Elite lodge seeks “best of the best”

The following is the lead article in the November 2, 2011 issue of “The Nassau Guardian” newspaper by Jeffrey Todd, NG Business Editor.

Multi-million-dollar Black Fly joins forces to U.S. company and will serve at the heart of rising Schooner Bay development

Flats Fisherman
The lodge is expected to not only attract high-net-worth tourists, but investors in the Abaco development.

A multi-million-dollar fishing lodge now under construction in Abaco plans to attract “the best of the best” when it comes to tourism, while providing the heart of a development that could change the island’s economy.

Through a powerful joint venture, Black Fly Bonefish Lodge in the Schooner Bay development is trying to catch the big fish.

“Fly fishing clientele are top of the food chain when it comes to tourism in this country,” said Clint Kemp, one of the key investors behind the project.

“Not only are they high net worth, but they tend to come in private aircraft and are excellent repeat visitors. They aren’t just coming for one week. They bring their friends and family and their presence often leads to further investment.”

The lodge, slated for completion in 2013, will feature eight large rooms, a restaurant, bar and supplies store. A new fleet of boats will also be offered, giving guests access to salt-water fly fishing and deep water fishing.

Coming in at $1,000 per night for the full experience, the boutique lodge is meant to cater to exclusive guests which are often synonymous with the sport.

Meanwhile, Black Fly has also partnered with Nervous Waters, one of the most recognizable names in fly fishing, which operates 14 establishments all over the world.

Kemp told Guardian Business that Nervous Waters has bought a stake in the lodge and now acts as a shareholder.

“They bought a substantial stake in the company,” he explained.

“That gives us the good housing seal of approval.”

Kemp said the lodge will also be open to the general public, although certain areas are meant for guests only, such as the cigar smoking room on the top floor.

Kemp estimated the initial cost of the project to be between $4 million and $5 million.

But beyond the exclusivity of one lodge, Orjan Lindroth the president of the development company behind Schooner Bay, added that this venture serves as a centerpiece for what should one day become a flourishing harbor town.

“The lodge sits at the head,” he told Guardian Business.

“It’s very important architecturally and creates that feel. It will become a meeting place for friends and family.”

Lindroth explained the idea behind the property is to create a “robust business model” that can cater to not just the tourists but the community as well.

As work on the lodge kicks into gear, Schooner Bay continues to rise up around it.

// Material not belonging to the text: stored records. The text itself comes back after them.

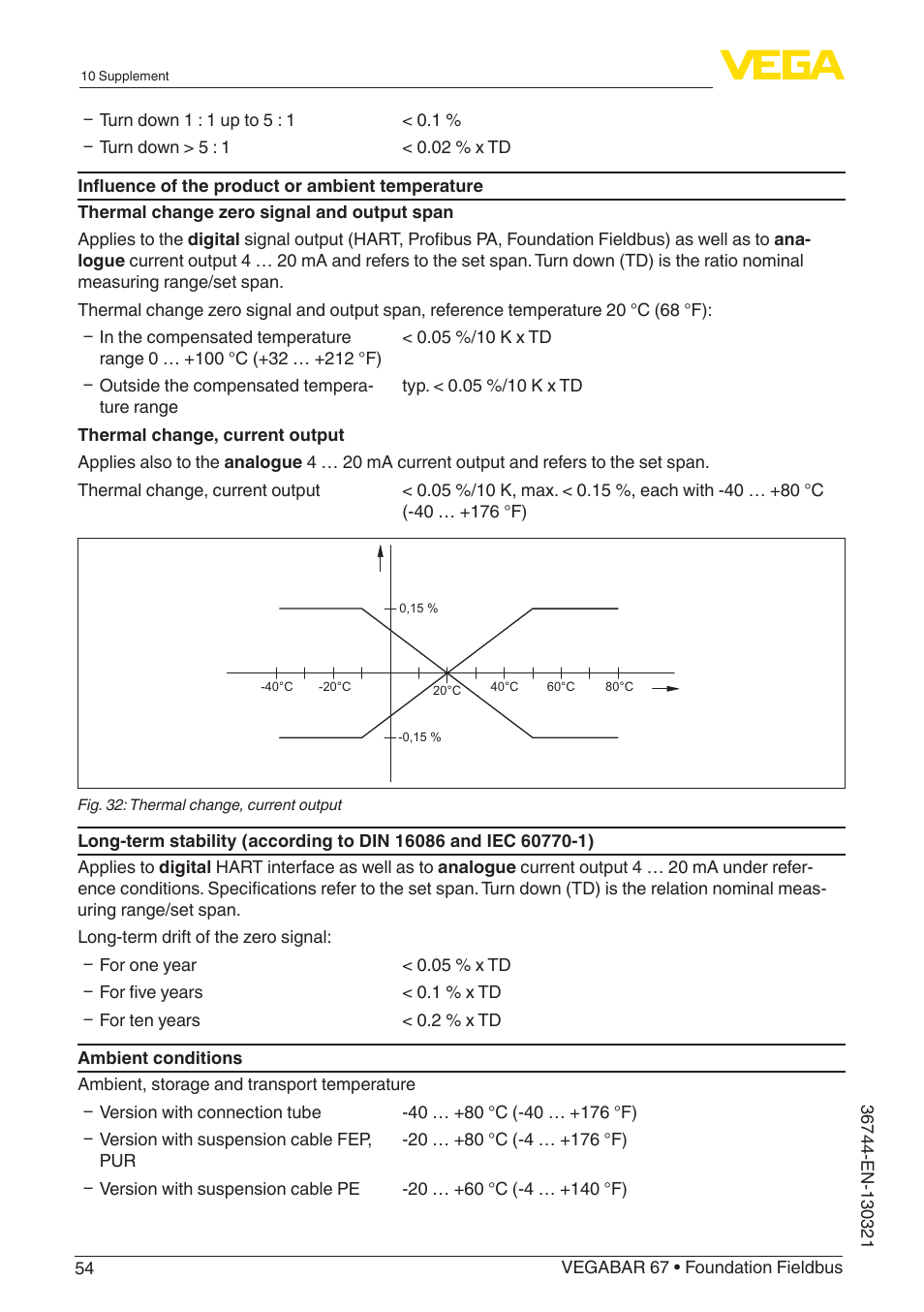 VEGA VEGABAR 67 Foundation Fieldbus User Manual | Page 54 / 72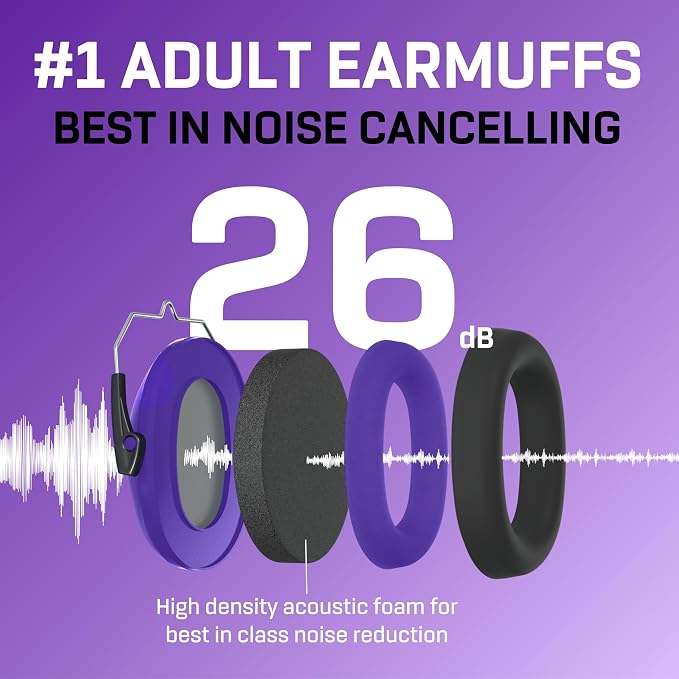 Vanderfields - Hearing Protection Ear Muffs - Over 31 dB (2K Hz) Broad Noise Cancelling Sound Reduction - Adults & Teens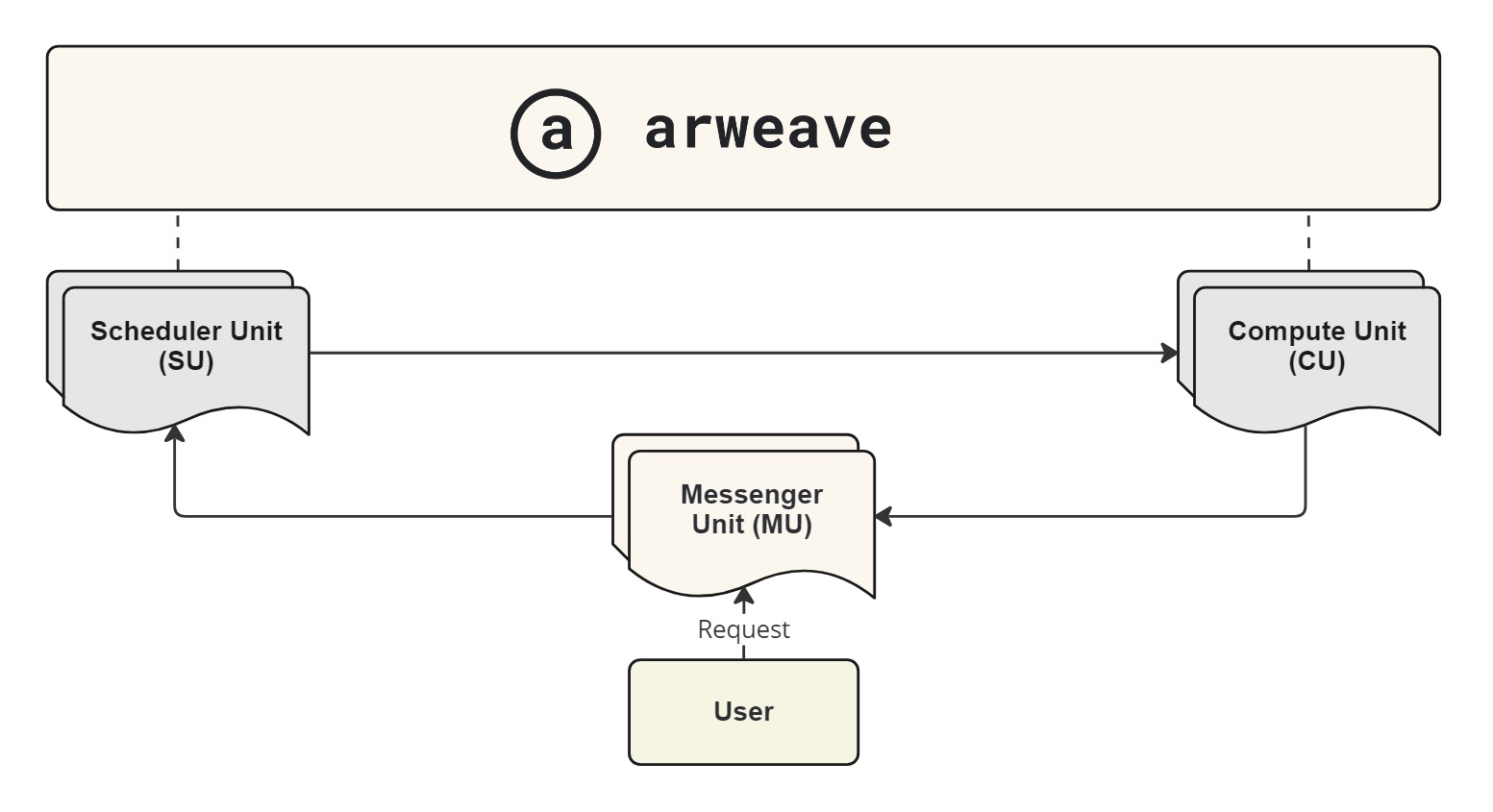 AO Diagram 4 resized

Lindroth said five houses are now complete, and another 10 are expected to be done in the late winter or early spring. Five other separate dwellings are slated to begin construction around Christmas.

A six-unit condominium unit, consisting of traditional buildings with both residential and commercial units, is breaking ground in February 2012, he added.

Several of these units have been sold already, with prices ranging from $250,000 to $350,000.

Lindroth said the pricing is meant to reflect the wide cross-section residents Schooner Bay wishes to attract.

Schooner Bay Harbour

The harbor opened in June, with the lodge resting at its mouth.

The name for the lodge, Lindroth added, came from Vaughn Cochran, the artist and owner of Black Fly Outfitters, which sells world-famous merchandise bearing his logo.

Cochran is also a shareholder in the new lodge.

Kemp called Cochran’s involvement and the Black Fly name a “lifestyle statement” lending further credibility to the project.

He said no other lodge like this exists in The Bahamas. What makes the venture particularly unique, he felt, was the fact the lodge is located in a community.

“This is the only one that incorporates itself into the community,” he said.

“To have a fishing lodge in a community where they can interact with people is important. It means a higher, more textured experience. As it becomes a living town, our guests will want to be a part of that.”